Images are not wanted; transcribe the rest of the listing exactly.
== Segment start ==
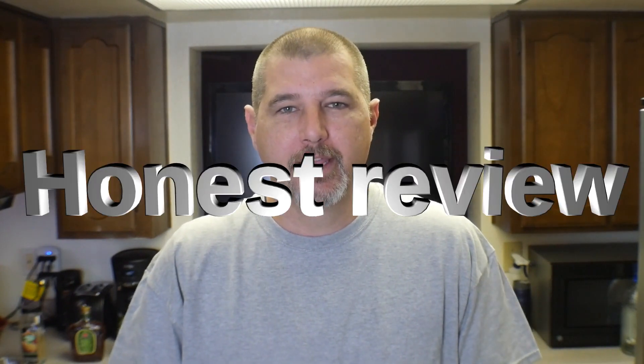Hey everybody, welcome back to Cooking with James. I'm your host James. If you're new to my channel, please think about subscribing. If you like the content, make sure you hit the bell for notifications, give a thumbs up, and drop an awesome comment at the end of this video.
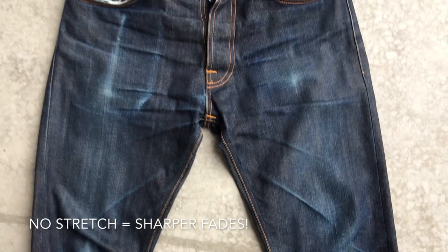The fit is a loose fit with tapered legs, and what you see with loose fits is that the honeycombs don't really show that much wear. Most wear is visible on the front of the legs because I always wipe off my hands on my jeans.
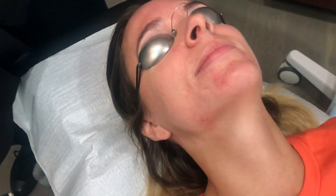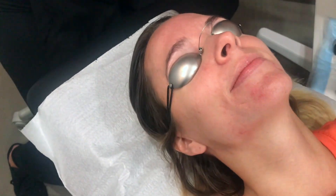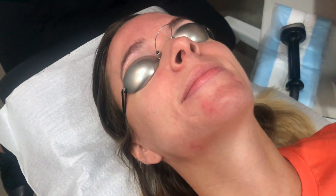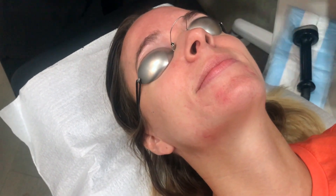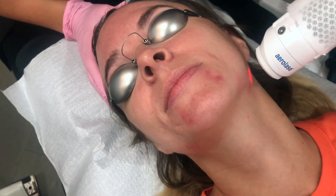Now we're going to use the AirLase, which is a 1064 650 microsecond laser. This laser goes a little deeper than the 532 — the longer the wavelength, the deeper things go. And we kind of just treat the entire face with this.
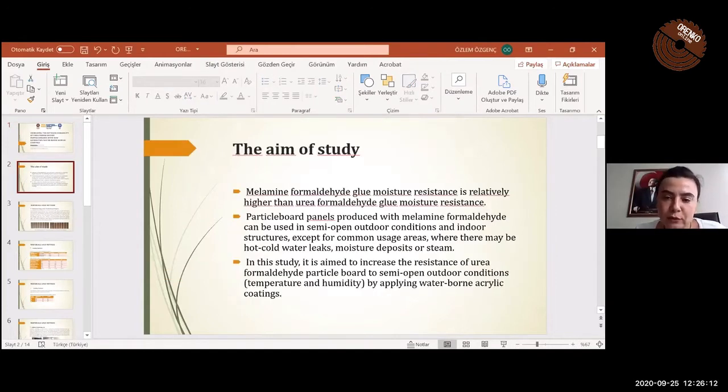Melamine-formaldehyde glue moisture resistance is relatively higher than urea-formaldehyde glue moisture resistance. Particle board panels produced with melamine-formaldehyde can be used in semi-open outdoor conditions and indoor structures, except for common usage areas where there may be hot or cold water leaks, moisture deposits, or steam. In this study, it is aimed to increase the resistance of urea-formaldehyde particle boards to semi-open outdoor conditions by applying waterborne acrylic coatings.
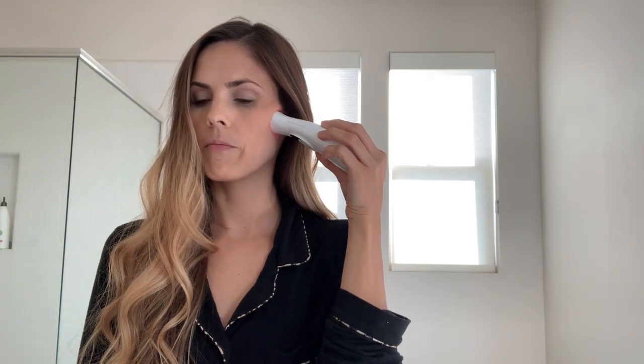You continue to do this around your entire face. This is typically a 10-minute session — it will shut off after about 10 minutes. You want to do this treatment three to four times a week.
== Segment end ==
◆ **SOLUTION FOR THIS TASK**:
Hey everybody, welcome back to Cooking with James. I'm your host James. If you're new to my channel, please think about subscribing. If you like the content, make sure you hit the bell for notifications, give a thumbs up, and drop an awesome comment at the end of this video.
The fit is a loose fit with tapered legs, and what you see with loose fits is that the honeycombs don't really show that much wear. Most wear is visible on the front of the legs because I always wipe off my hands on my jeans.
Now we're going to use the AirLase, which is a 1064 650 microsecond laser. This laser goes a little deeper than the 532 — the longer the wavelength, the deeper things go. And we kind of just treat the entire face with this.
Melamine-formaldehyde glue moisture resistance is relatively higher than urea-formaldehyde glue moisture resistance. Particle board panels produced with melamine-formaldehyde can be used in semi-open outdoor conditions and indoor structures, except for common usage areas where there may be hot or cold water leaks, moisture deposits, or steam. In this study, it is aimed to increase the resistance of urea-formaldehyde particle boards to semi-open outdoor conditions by applying waterborne acrylic coatings.
You continue to do this around your entire face. This is typically a 10-minute session — it will shut off after about 10 minutes. You want to do this treatment three to four times a week.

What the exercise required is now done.